Effekte sozialer Netzwerke in Bezug auf Gemeinschaftsbildung oder die Wirkung von „weak ties“ zwischen unterschiedlichen Communities.



Durch soziale Netzwerke wie Facebook, Google+ und co. ergeben sich Möglichkeiten der Community Bildung bzw. stellen den virtuellen Raum in den Blickpunkt des Informations- und Erfahrungsaustausches unterschiedlichster Gruppierungen und Communities.

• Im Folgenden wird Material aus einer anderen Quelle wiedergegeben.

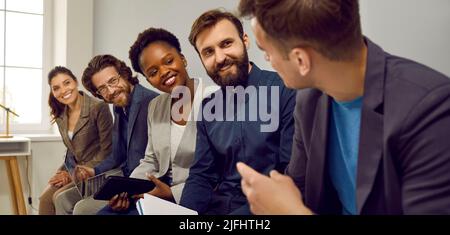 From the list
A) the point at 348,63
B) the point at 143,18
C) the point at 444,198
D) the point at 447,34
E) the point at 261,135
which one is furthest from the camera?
the point at 143,18

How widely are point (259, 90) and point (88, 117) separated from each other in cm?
58

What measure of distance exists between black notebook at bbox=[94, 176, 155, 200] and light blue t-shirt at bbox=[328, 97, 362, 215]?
594 mm

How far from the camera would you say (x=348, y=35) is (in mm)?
747

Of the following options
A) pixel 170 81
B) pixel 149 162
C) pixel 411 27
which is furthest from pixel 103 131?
pixel 411 27

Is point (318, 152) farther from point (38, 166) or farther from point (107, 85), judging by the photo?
point (38, 166)

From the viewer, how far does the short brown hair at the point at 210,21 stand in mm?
1094

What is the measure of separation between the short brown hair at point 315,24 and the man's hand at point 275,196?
275 millimetres

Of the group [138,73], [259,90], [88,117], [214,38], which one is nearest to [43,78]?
[88,117]

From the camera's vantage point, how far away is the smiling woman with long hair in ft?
4.31

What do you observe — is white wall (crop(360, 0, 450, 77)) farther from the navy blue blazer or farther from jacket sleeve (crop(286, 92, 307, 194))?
the navy blue blazer

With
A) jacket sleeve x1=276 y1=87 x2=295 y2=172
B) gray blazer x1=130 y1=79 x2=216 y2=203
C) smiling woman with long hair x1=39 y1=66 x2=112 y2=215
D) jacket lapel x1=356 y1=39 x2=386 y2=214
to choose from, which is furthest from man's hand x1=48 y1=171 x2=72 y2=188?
jacket lapel x1=356 y1=39 x2=386 y2=214

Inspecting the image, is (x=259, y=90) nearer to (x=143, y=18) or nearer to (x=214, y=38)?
(x=214, y=38)

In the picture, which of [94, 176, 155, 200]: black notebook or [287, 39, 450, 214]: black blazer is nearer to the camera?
[287, 39, 450, 214]: black blazer

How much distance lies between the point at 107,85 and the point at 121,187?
1.05ft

Besonders das Soziale wird dadurch in den Vordergrund gerückt, und ermöglicht Interaktionen zwischen den einzelnen Mitgliedern. Hugger und Walber zu Folge „besteht ein signifikanter Zusammenhang zwischen dem Grad der sozialen Zuwendung dem von Weiterbildungsteilnehmern selbst eingeschätzten Nutzen von digitalen Lernformen.“  (Hugger & Walber, S. 99, 2010)
Gerade in diesem Ansatz kann der Chance der Fortbildung und des Wissenserwerbes in unterschiedlichsten Communities gesehen werden. Wobei aber Walber zu Folge erst „rekursive soziale Interaktion“  (Hugger & Walber, S. 99, 2010) zu eine aktiven digitalen Kommunikation führt.
Im Hintergrund sozialer Netzwerke entwickelt sich oft eine vernetzte informelle Beziehung zwischen den Akteuren. Diese Interaktionen führen in weitere Folge zu Wissenaustausch und Erfahrungsaustausch über unterschiedlichste Themen – Wissensnetzwerke entstehen und bilden die Basis für den Lernfortschritt einzelnen Members.
In „strong ties“ Beziehungen steht die dauerhafte und vertrauenswürdige zwischen Freunden und altbekannten Mitgliedern im Vordergrund. Innovation und neues Wissen entsteht aber besonders in „weak ties“ Verbindungen zu anderen Gruppierungen bzw. Communities. Schwache Beziehungen haben nach Jansen „Brückenfunktion“  (Hugger & Walber, S. 103, 2010) und erweisen sich als Stärke dieser Bindungen. Sie verbinden neue Kreise und unterschiedliche soziale System – durch sie kommen neue Informationen und neues Wissen zusammen.
Hier besteht auch im Schulsystem eine riesige Chance – Wissensträger und Koordinatoren einzelner Schulen und Systeme verbinden sich und tauschen ihr Wissen „blended“ aus – in virtuellen Communities und Face to Face in realen Raum.


Anregungen aus:
Hugger, K.-U., & Walber, M. (2010). Digitale Lernwelten - Konzepte, Beispiele und Perspektiven. Wiesbaden: VS Verlag.